Latest revision as of 20:57, 9 August 2010

This is the head level tagset used in the IcePaHC.

Tags with postdashial subfeatures

Nouns

# Category/Feature Symbol – semantics
1 Word class N noun, NPR proper noun,
2 Number S plural
3 Case N nominative, A accusative, D dative, G genitive
Examples N-G noun, singular, genitive; NS-N noun, plural, nominative; NPR-A proper noun, singular, accusative; NPRS-Dproper noun, plural, dative

Adjectives

# Category/Feature Symbol – semantics
1 Word class ADJ adjective, ADJR adjective, comparative, ADJS adjective, superlative
2 Case N nominative, A accusative, D dative, G genitive
Examples ADJ-N adjective, nominative; ADJR-D adjective, comparative; ADJS-G adjective, superlative, genitive

Pronouns

# Category/Feature Symbol – semantics
1 Word class PRO pronoun
2 Case N nominative, A accusative, D dative, G genitive
Examples PRO-A pronoun, accusative; PRO-D pronoun, dative

Article (determiner)

# Category/Feature Symbol – semantics
1 Word class D determiner
2 Case N nominative, A accusative, D dative, G genitive
Examples D-D determiner, dative; D-G determiner, genitive

Numbers

# Category/Feature Symbol – semantics
1 Word class NUM numeral
2 Case N nominative, A accusative, D dative, G genitive
Examples NUM-N numeral, nominative; NUM-G numeral, genitive

Verbs

(see table below for passive participle (VAN) and past participle (VBN))

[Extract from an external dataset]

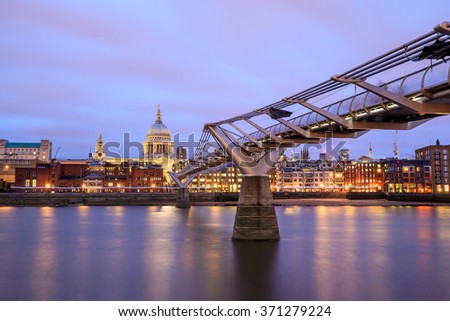 London skyline with St Paul's Cathedral and Millennium Footbridge at twilight in UK.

# Category/Feature Symbol – semantics
1 Word class VB verb; BE VERA (BE verb); DO GERA (DO verb); HV HAFA (HAVE verb); MD modal verb; RD VERÐA (WILL BE/BECOME)
2 Tense P present, D past
3 Mood I imperative (no tense), I indicative, S subjunctive
Examples VBI verb, imperative; VB verb, infinitive; MD modal, infinitive; VBPI verb, present, indicative; BEDS VERA, past, subjunctive


# Category/Feature Symbol – semantics
1 Word class passive participle: VAN, BAN, DAN, HAN
2 Case N nominative, A accusative, D dative, G genitive
Examples VAN-A verb, passive participle, accusative; DAN-D GERA, passive participle, dative; HAN-G HAFA, passive participle, genitive
# Category/Feature Symbol – semantics
1 Word class past participle: VBN, BEN, DON, HVN, RDN
2 Case N nominative, A accusative, D dative, G genitive
Examples VBN-A verb, past participle, accusative; DON-D GERA, past participle, dative; HVN-G HAFA, past participle, genitive

Prepositions

# Category/Feature Symbol – semantics
1 Word class P preposition

Adverbs

# Category/Feature Symbol – semantics
1 Word class ADV–adverb, ADVR comparative, ADVS superlative

Simple Tags

  • C - complementizer
  • CONJ - conjunction
  • FW - foreign word
  • NEG - negation, ekki, eigi, ei
  • TO - infinitival marker , 'to'.
  • X - unanalyzed word